Connect with us


Google’s Site Quality Algorithm Patent



A Google patent describes a method of classifying sites as low quality by ranking the links. The algorithm patent is called, Classifying Sites as Low Quality Sites.  The patent names specific factors for identifying low quality sites.

It’s worthwhile to learn these factors and consider them. There’s no way to know if they are in use. But the factors themselves can help improve SEO practices, regardless if Google is using the algorithm or not.

An Obscure Link Algorithm

This patent dates from 2012 to 2015. It corresponds to the time that Penguin was first released.

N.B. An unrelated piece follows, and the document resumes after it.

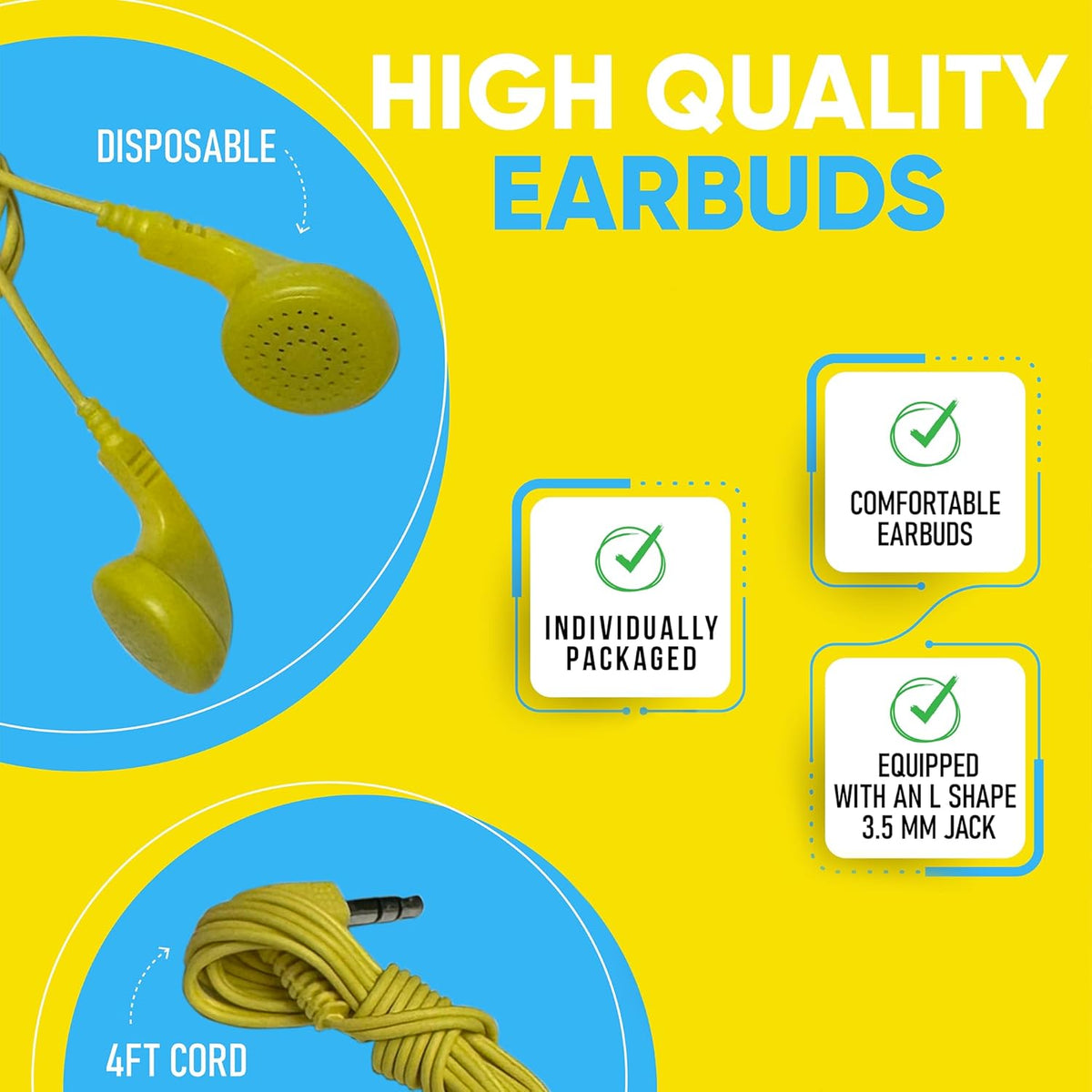 Redskypower 5 Pack 3.5mm 4ft Bulk Wired Earphones, In Ear Earbud Headphones with Jack, Tangle Free Cable, Comfortable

There have only been a few discussions of this algorithm. It has, in my opinion, not been discussed in the detail offered below. As a consequence, it seems that many people may not be aware of it.

I believe this is an important algorithm to understand. If any parts of it are in use, then it could impact the SEO process.

Just Because it’s Patented…

What must be noted in any discussions of patents or research papers is that just because it’s patented does not mean it’s in use. I would also like to point out that this patent dates from 2012 to 2015. This corresponds to the time period of the Penguin Algorithm.

There is no evidence that this is a part of the Penguin Algorithm. But it is interesting because it is one of the few link ranking algorithms we know about from Google. Not a site ranking algorithm, a link ranking algorithm. That quality makes this particular algorithm especially interesting.

Although this algorithm may or may not be use, I believe that it is worthwhile to understand what is possible. Knowing what is possible can help you better understand what is not possible or likely. And once you know that you are better able to spot bad SEO information.

How the Algorithm Ranks Links

The algorithm is called Classifying Sites as Low Quality. It works by ranking links, not the content itself. The underlying principle can be said to be that if the links to a site are low quality then the site itself must be low quality.

This algorithm may be resistant to spammy scraper links because it only comes into play after the ranking algorithm has done it’s work. It’s the ranking algorithm that includes Penguin and other link related algorithms. So once the ranking engine has ranked sites, the link data that this algorithm uses will likely be filtered and represent a reduced link graph. A reduced link graph is a map of the links to and from sites that have had all the spam connections removed.

The algorithm ranks the links according to three ranking scores. The patent calls these scores, “quality groups.”

The scores are named Vital, Good, and Bad.

Obviously, the Vital score is the highest, Good is medium and Bad is not good (so to speak!).

The algorithm will then take all the scores and compute a total score. If this score falls below a certain threshold then the site or page itself is deemed low quality.

That’s my plain English translation of the patent.

Here is how the the patent itself describes itself:

“The system assigns the resources to resource quality groups (310). Each resource quality group is defined by a range of resource quality scores. The ranges can be non-overlapping. The system assigns each resource to the resource quality group defined by the range encompassing the resource quality score for the resource. In some implementations, the system assigns each resource to one of three groups, vital, good, and bad. Vital resources have the highest resource quality scores, good resource have medium resource quality scores, and bad resources have the lowest resource quality scores.”

Implied Links

The patent also describes something called an Implied Link. The concept of implied links must be explained before we proceed further.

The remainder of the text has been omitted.